100 Independent Linear Work-Precision Diagrams
For these tests we will solve a diagonal 100 independent linear differential equations. This will demonstrate the efficiency of the implementation of the methods for handling large systems, since the system is both large enough that array handling matters, but f is cheap enough that it is not simply a game of calculating f as few times as possible. We will be mostly looking at the efficiency of the work-horse Dormand-Prince Order 4/5 Pairs: one from DifferentialEquations.jl (DP5), one from ODE.jl rk45, one from ODEInterface (Hairer's famous dopri5, and one from SUNDIALS' ARKODE suite.

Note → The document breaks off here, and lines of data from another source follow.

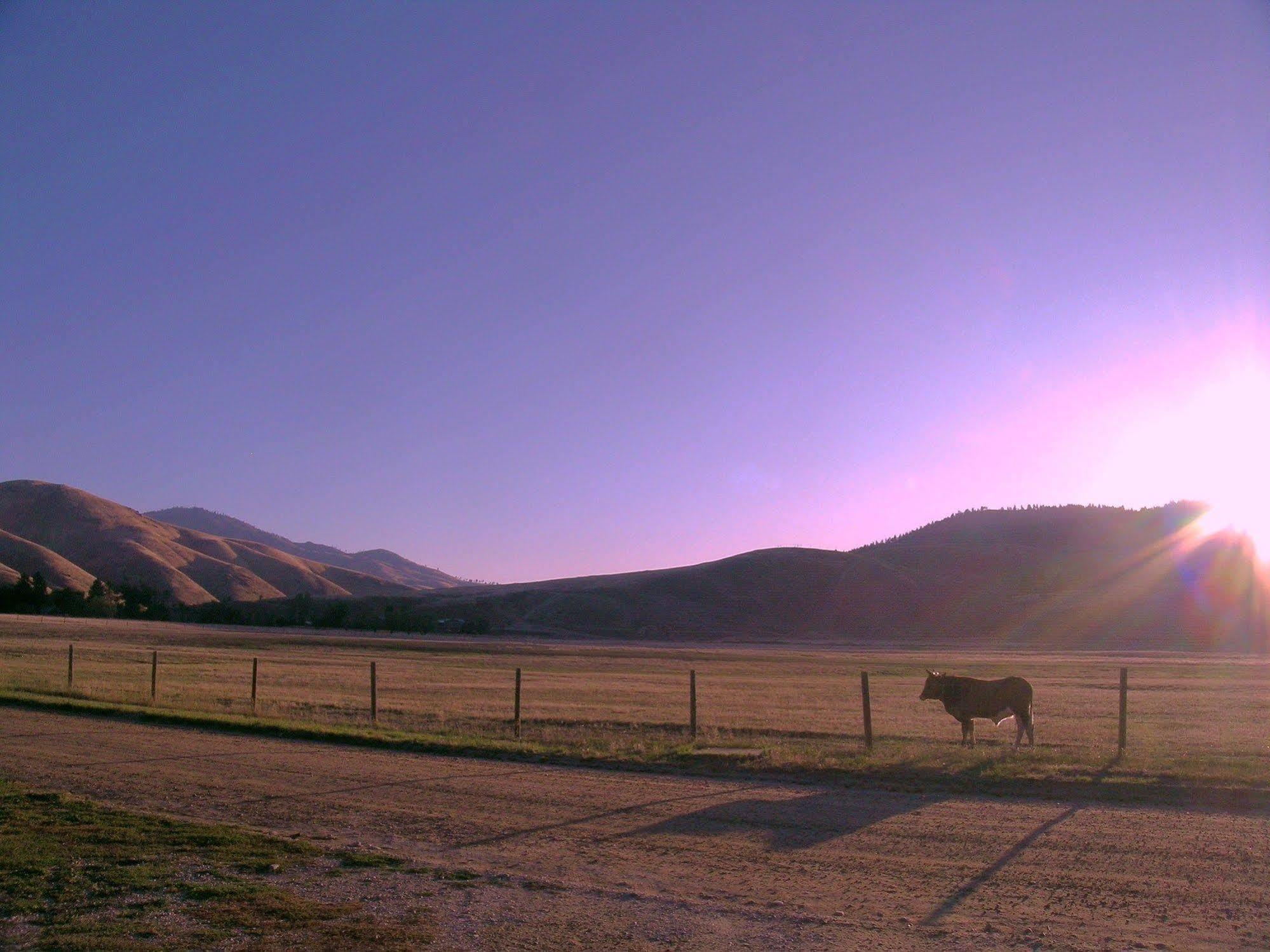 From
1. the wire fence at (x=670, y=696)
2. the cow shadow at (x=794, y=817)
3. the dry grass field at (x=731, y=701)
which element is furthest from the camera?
the wire fence at (x=670, y=696)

Also included is Tsit5. While all other ODE programs have gone with the traditional choice of using the Dormand-Prince 4/5 pair as the default, DifferentialEquations.jl uses Tsit5 as one of the default algorithms. It's a very new (2011) and not widely known, but the theory and the implementation shows it's more efficient than DP5. Thus we include it just to show off how re-designing a library from the ground up in a language for rapid code and rapid development has its advantages.
Setup
using OrdinaryDiffEq, Sundials, DiffEqDevTools, Plots, ODEInterfaceDiffEq, ODE, LSODA
using Random
Random.seed!(123)
gr()
# 2D Linear ODE
function f(du,u,p,t)
@inbounds for i in eachindex(u)
du[i] = 1.01*u[i]
end
end
function f_analytic(u₀,p,t)
u₀*exp(1.01*t)
end
tspan = (0.0,10.0)
prob = ODEProblem(ODEFunction{true, SciMLBase.FullSpecialize}(f,analytic=f_analytic),rand(100,100),tspan)
abstols = 1.0 ./ 10.0 .^ (3:13)
reltols = 1.0 ./ 10.0 .^ (0:10);Speed Baseline
First a baseline. These are all testing the same Dormand-Prince order 5/4 algorithm of each package. While all the same Runge-Kutta tableau, they exhibit different behavior due to different choices of adaptive timestepping algorithms and tuning. First we will test with all extra saving features are turned off to put DifferentialEquations.jl in "speed mode".
setups = [Dict(:alg=>DP5())
Dict(:alg=>ode45())
Dict(:alg=>dopri5())
Dict(:alg=>ARKODE(Sundials.Explicit(),etable=Sundials.DORMAND_PRINCE_7_4_5))
Dict(:alg=>Tsit5())]
solnames = ["OrdinaryDiffEq";"ODE";"ODEInterface";"Sundials ARKODE";"OrdinaryDiffEq Tsit5"]
wp = WorkPrecisionSet(prob,abstols,reltols,setups;names=solnames,save_everystep=false,numruns=100)
plot(wp)
Full Saving
setups = [Dict(:alg=>DP5(),:dense=>false)
Dict(:alg=>ode45(),:dense=>false)
Dict(:alg=>dopri5()) # dense=false by default: no nonlinear interpolation
Dict(:alg=>ARKODE(Sundials.Explicit(),etable=Sundials.DORMAND_PRINCE_7_4_5),:dense=>false)
Dict(:alg=>Tsit5(),:dense=>false)]
solnames = ["OrdinaryDiffEq";"ODE";"ODEInterface";"Sundials ARKODE";"OrdinaryDiffEq Tsit5"]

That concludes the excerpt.